Currently, plans are underway to begin proposing models that would best fit UC Davis and the greater community.
“Oversight in its many forms provides accountability and transparency for police issues that are otherwise inaccessible to the larger community,” said Barbara Attard, private oversight and accountability consultant and former president of the National Association for Civilian Oversight of Law Enforcement (NACOLE). “Community members work to ensure that police practices reflect the values of the community— and that there is a balance between maintaining public safety and respecting constitutional rights.”
There are several basic models of civilian oversight, including the commission model, the investigative model, the auditor/monitor model or a hybrid of the three.

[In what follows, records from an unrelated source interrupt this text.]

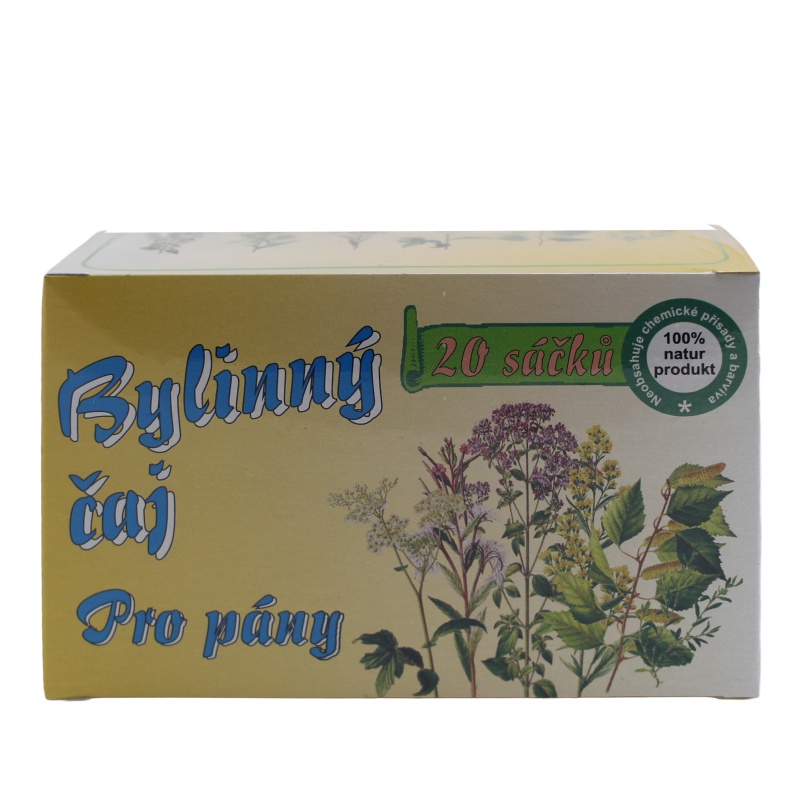 Bylinný čaj "Pro pány"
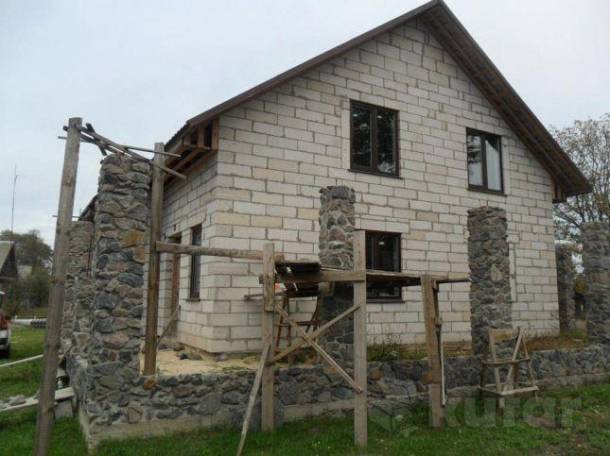 продам дом под отделку в д.Синкевичи, фотография 1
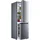 HKGK14349CI Kühl-Gefrierkombination (175 l, 1430 mm hoch, Silber)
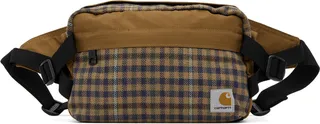 Carhartt Work In Progress Brown Highbury Hip Bag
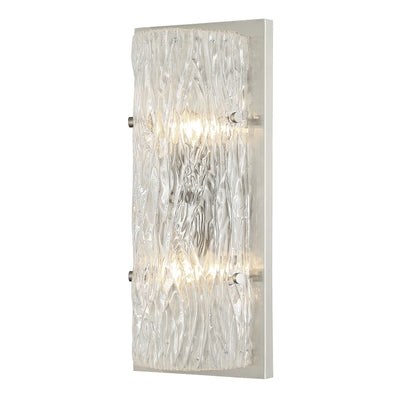 Varaluz - 376W02BN - Two Light Wall Sconce - Morgan - Brushed Nickel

“We’ll be looking at identifying concerns with the current police situation, how we can better student-police relations and how we can have a level of transparency and accountability in police actions,” said Rahim Reed, associate executive vice chancellor of campus community relations at UC Davis. “Once we’ve identified those issues and concerns, we’ll look at which model best helps us reach those goals. After that, it’s going about the process of training, orienting the people who are involved … about the process and making sure there is the proper communication plan to inform the campus community at large. As a whole, civilian oversight would improve student and police relationships.”
In an Oct. 16 seminar, Attard addressed the positive and negative aspects of civilian oversight.
According to Attard, civilian oversight adds credibility and transparency to police disciplinary systems, works to improve thoroughness and fairness of complaint investigations and helps to sensitize police to community needs. However, civilian oversight can polarize the police and segments of the community, requires public funding and does not completely eliminate police misconduct.
For oversight to be successful, a number of necessary features must be met, she said. The board must remain independent from special interest groups and the police must receive adequate funding and authority and must make findings accessible to the public.
UC Davis Police Department Police Chief Matthew Carmichael is optimistic that oversight will be effective.
“I feel oversight will have a positive impact on the department but more importantly within the community,” said UC Davis Police Department (UCPD) Police Chief Matthew Carmichael. “Oversight provides the community with another avenue as it relates to the complaint process. I will continue to meet with community representatives to seek input on policy and the needs of our community.”
Currently, UC Berkeley is the only university campus in California to employ a civilian oversight agency.